For more information about the MIT Panel Discussion, visit: http://mcgovern.mit.edu/news/uncategorized/brains-on-trial/
For more information about the Stanford Panel Discussion, visit: http://blogs.law.stanford.edu/newsfeed/2013/10/03/allowing-brain-scan-data-into-legal-proceedings-too-quickly-could-be-dangerous-prominent-scholars-warn/
C. Notices Received
- From Our European Colleagues:
Notice: ALST project nominated for Innovating Justice Award – Online voting now open
The HiiL Team is pleased to announce that the ALST project , chaired by Professor Amedeo Santuousso , President European Center for Law, Science and New Technologies, University of Pavia, has been selected to participate in the HiiL Innovating Justice Award – Innovative Idea 2013.
The aim of the ALST project is the creation of a multilingual database of cases and materials on the topic of neuroscience and law, in order to facilitate the cooperation and the research among the different systems, using a worldwide comprehensive (and multilingual) neuroscience database. This project includes scholars and universities from several countries, including UK, France, Germany, Netherlands, Singapore, Switzerland, and Italy, and others continue to join.
The proposed idea has the comparative advantage to offer to any lawyer/judge/member of parliament/citizen preliminary basic information (in English) on legal regulation existing in one of the countries joining the project, no matter the language of the query or the language of the retrieved material. No other existing legal database offers this kind of multilingual information.
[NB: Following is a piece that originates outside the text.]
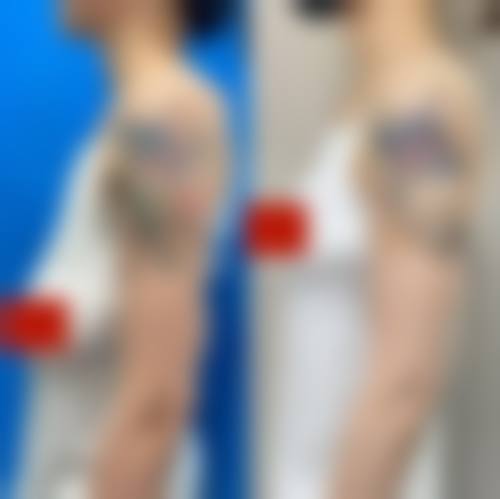 【聊城天使医联医疗美容参考价格表：】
Online voting has now started! Please support the ALST project by submitting your vote . Deadline for voting is October 18, 2013.
2. From the Greenwall Foundation:
Notice: Greenwall Faculty Scholars Program in Bioethics -- Call for Applications
Funded by the Greenwall Foundation, the Greenwall Faculty Scholars Program in Bioethics is a career development award to enable junior faculty members to carry out innovative bioethics research. The program supports research that goes beyond current work in bioethics to help resolve pressing ethical issues in clinical care, biomedical research, and public policy. Each year three Greenwall Faculty Scholars are selected to receive 50 percent salary support for three years to further develop their research program.
A letter of intent is due by November 1, 2013. Approximately 12 applicants will then be invited to submit a full application. Letters of intent should be sent as file attachments to admin@greenwall.org. Additional information about the application process is found here.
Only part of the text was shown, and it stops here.